### Work to be completed
Starting at the first line of the material below and stopping after the line that includes "PSAT 10 Prep", write the lines out again exactly. Drop any pictures.

### Data excerpt
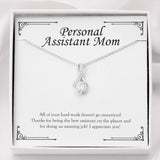 "Work Doesn't Go Unnoticed" Personal Assistant Mom Necklace Gift From Daughter Son Alluring Beauty Pendant Jewelry Box Work Anniversary Christmas Birthday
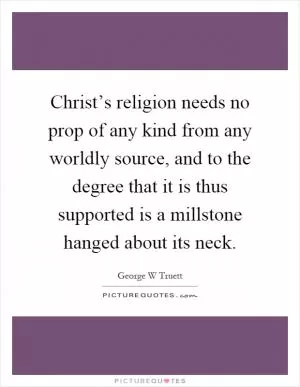 Christ’s religion needs no prop of any kind from any worldly source, and to the degree that it is thus supported is a millstone hanged about its neck Picture Quote #1
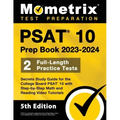 PSAT 10 Prep Book 2023 and 2024 - 2 Full-Length Practice Tests, Secrets Study Guide for the College Board PSAT 10 with Step-By-Step Math and Reading V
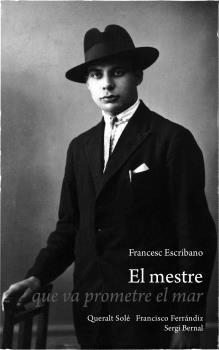 EL MESTRE QUE VA PROMETRE EL MAR | 9788419785879 | ESCRIBANO, FRANCESC/SOLÉ, QUERALT/FERRÁNDIZ, FRANCISCO/BERNAL, SERGI | Llibreria L'Altell - Llibreria Online de Banyoles | Comprar llibres en català i castellà online - Llibreria de Girona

### Task response
 "Work Doesn't Go Unnoticed" Personal Assistant Mom Necklace Gift From Daughter Son Alluring Beauty Pendant Jewelry Box Work Anniversary Christmas Birthday
 Christ’s religion needs no prop of any kind from any worldly source, and to the degree that it is thus supported is a millstone hanged about its neck Picture Quote #1
 PSAT 10 Prep Book 2023 and 2024 - 2 Full-Length Practice Tests, Secrets Study Guide for the College Board PSAT 10 with Step-By-Step Math and Reading V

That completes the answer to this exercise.